Akron may serve as the contractor on the Rack 15 sewer project in light of a federal lawsuit challenging the city’s local hiring policy.
Mayor Don Plusquellic will ask Akron City Council on Monday to pass legislation permitting him to take this somewhat unorthodox step, which he says will help achieve the goals of Akron residents getting the work and keeping the city on pace to meet the deadlines in its sewer project.
“This is not something I wanted to do,” Plusquellic said Friday afternoon. “If I have to be the new contracting company in town, that is what I am going to do.”
The Ohio Contractor’s Association, a Columbus-based, not-for-profit group that represents contractors across Ohio, sued Akron in federal court Tuesday, claiming the city’s local hiring requirements for its sewer project violate the U.S. and Ohio constitutions and the City of Akron Municipal Code.
Judge Sara Lioi denied the group’s request for a temporary restraining order and preliminary injunction Thursday, granting the city permission to open the bids for the Rack 15 project and proceed with awarding the work while the larger lawsuit proceeds.
Plusquellic, however, said Friday that Akron’s outside counsel advised against opening the bids while the lawsuit is still pending, saying this could open the city up to other litigation.
With the council’s approval of the legislation, Plusquellic said the city will use either its own employees or employees from a local union hall to do at least the preliminary work in the Rack 15 project. If the hiring requirements lawsuit is settled, the city will then open the bids and allow the lowest and best bidder that also complies with the hiring thresholds to complete the work.
Plusquellic announced in March that the city will require contractors to hire 30 percent of their employees from within the city this year, with the number ramping up by 5 percent a year until 2018 when it will reach 50 percent. The threshold will be in an agreement that contractors must accept when they are seeking work under the estimated $1.4 billion sewer overhaul.
Plusquellic said he doesn’t want to wait to start on the Rack 15 project because the work must be completed by October 2015 under the current agreement Akron has with the U.S. Environmental Protection Agency to settle a federal lawsuit on overflows into local waterways caused by the city’s combined sanitary and storm water system.
The city also may take the same approach for the Mud Run pump station and storage basin project that has bids due May 13.
“If we have to do every job this way, that’s they way we will do it,” Plusquellic said.
The Rack 15 project is expected to cost about $8.9 million and involves building a storage tank to hold about 1.6 million gallons of water near the Little Cuyahoga River. The $13.5 million Mud Run project involves refurbishing the existing pump station in the Kenmore area and building a new storage basin.
Law Director Cheri Cunningham said she isn’t sure how long the lawsuit filed by the contractors group will take to resolve.

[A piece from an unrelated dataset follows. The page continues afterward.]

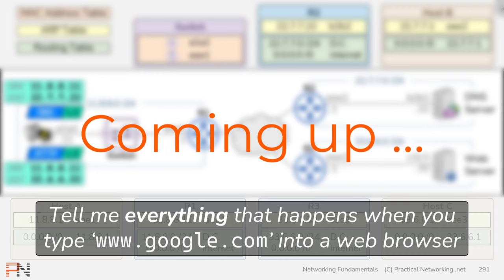So you see, everything we did in this video was in service of answering this very common interview question.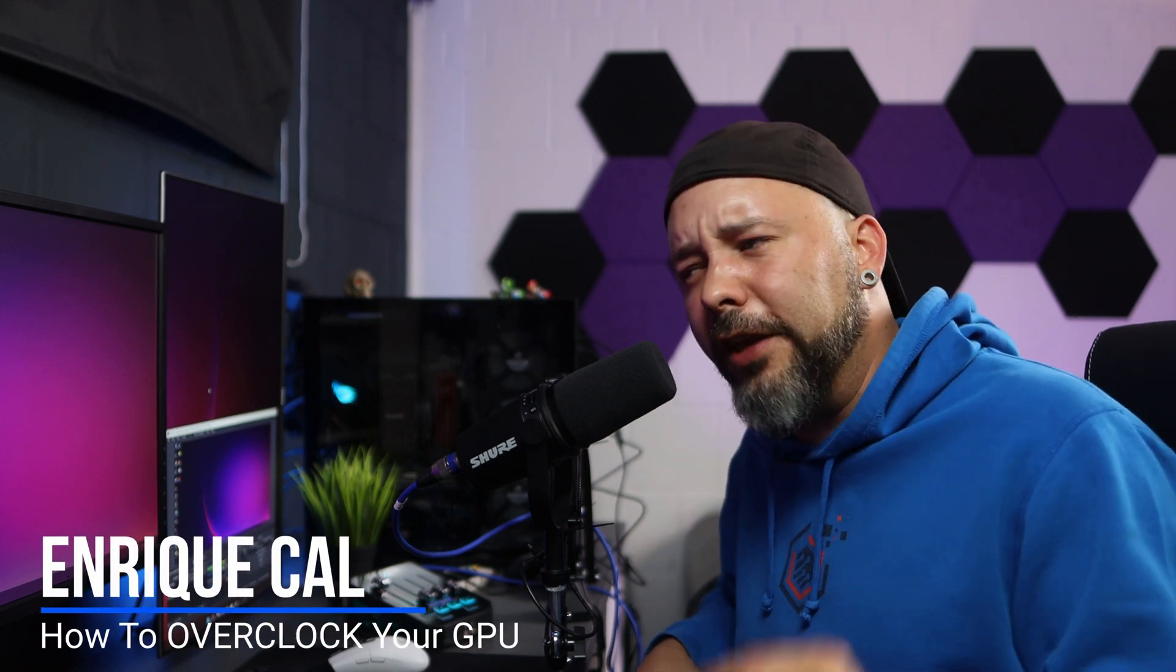Hello guys, let me show you in this video how you can overclock your GPU to win that extra performance that your graphics card is hiding and how to make it safely. Let's start.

Interestingly, a company belonging to the Ohio Contractors Association most likely would be awarded the Rack 15 project, with its members making up five of the six businesses that submitted bids, Plusquellic said.
Patrick Devine, a Columbus attorney who represents the Ohio Contractors Association, was stunned Friday to hear about Plusquellic’s plan. He said Lioi’s decision meant Akron could proceed with awarding bids and that’s what the contractors group expected the city to do. He declined further comment.
The group says in its lawsuit that Akron’s hiring requirements put its members who live outside of Akron on “unequal footing” when bidding on the city’s sewer projects.
Council President Garry Moneypenny said he’s sure council members will have questions about Plusquellic’s proposal. However, he said council members overwhelmingly support securing as much work as possible in the sewer project for local residents and the mayor’s new approach would do this.
“We may get to exceed 30 percent,” he said, referring to the local hiring goal for this year.